- **Prompt**: Please copy each line of the listing below precisely, excluding the images.

- **Dataset content**:
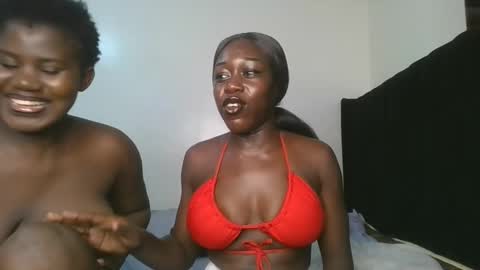 Snapshot of hot_petite1 chatting on April 4, 2026, 8:17 pm Hot petite online show from April 4, 2026, 8:17 pm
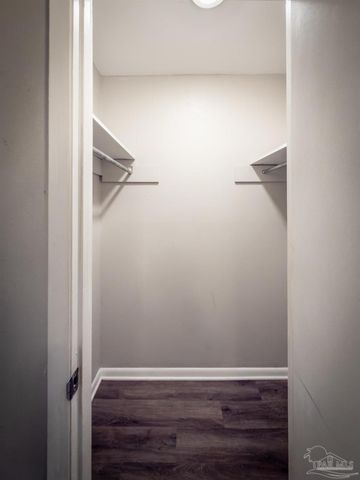 911 Springbrook Ave, Pensacola, FL 32505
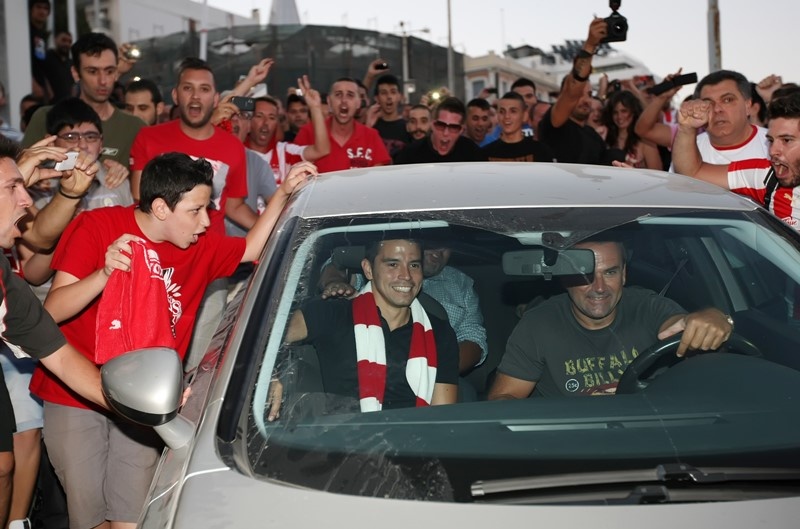 Ολυμπιακός: Υποδοχή… ήρωα σε Σαβιόλα (photos+videos)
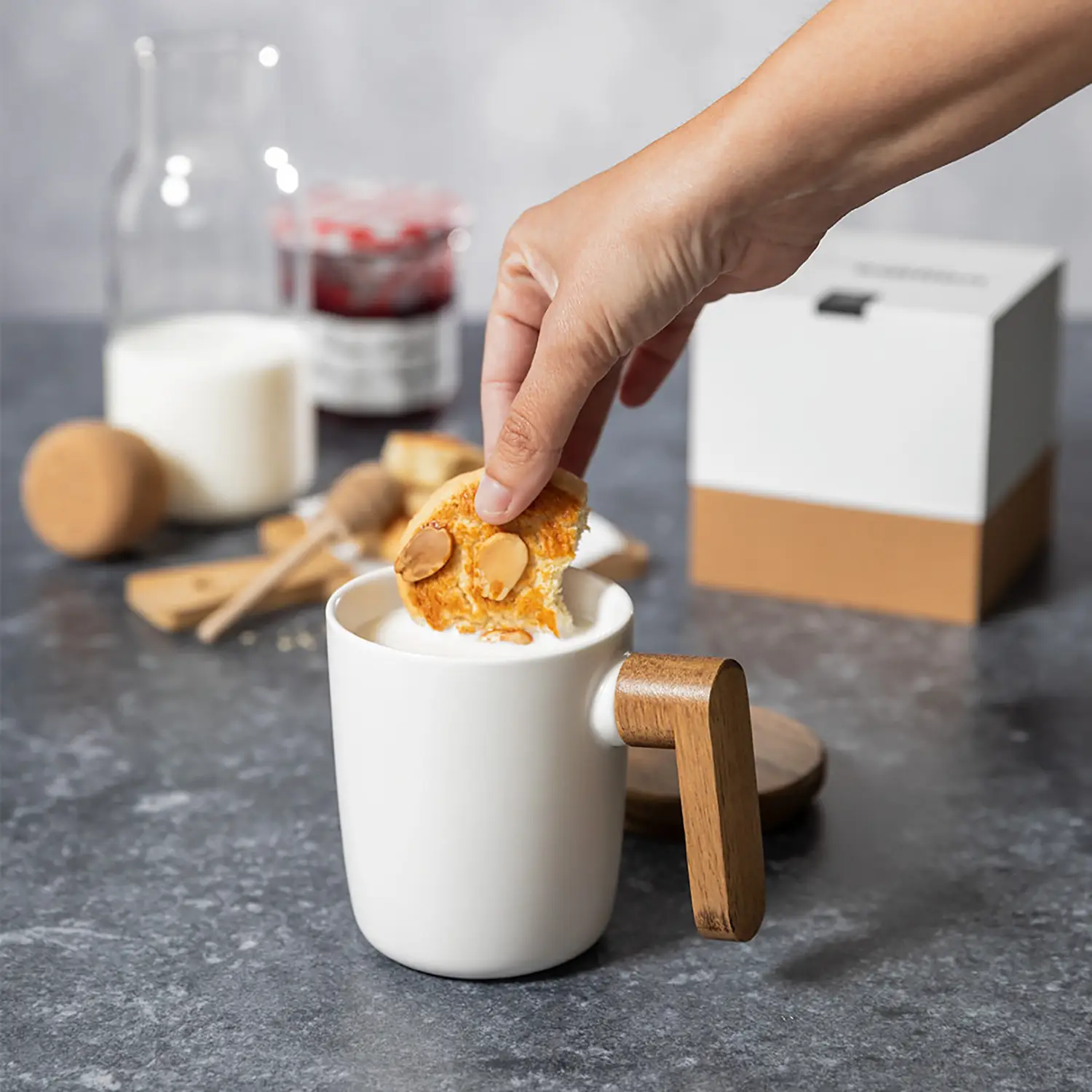 Tazza in ceramica con dettaglio in legno – 350 ml | Edizione limitata | Riutilizzabile | Elegante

- **Written response**:
 Snapshot of hot_petite1 chatting on April 4, 2026, 8:17 pm Hot petite online show from April 4, 2026, 8:17 pm
 911 Springbrook Ave, Pensacola, FL 32505
 Ολυμπιακός: Υποδοχή… ήρωα σε Σαβιόλα (photos+videos)
 Tazza in ceramica con dettaglio in legno – 350 ml | Edizione limitata | Riutilizzabile | Elegante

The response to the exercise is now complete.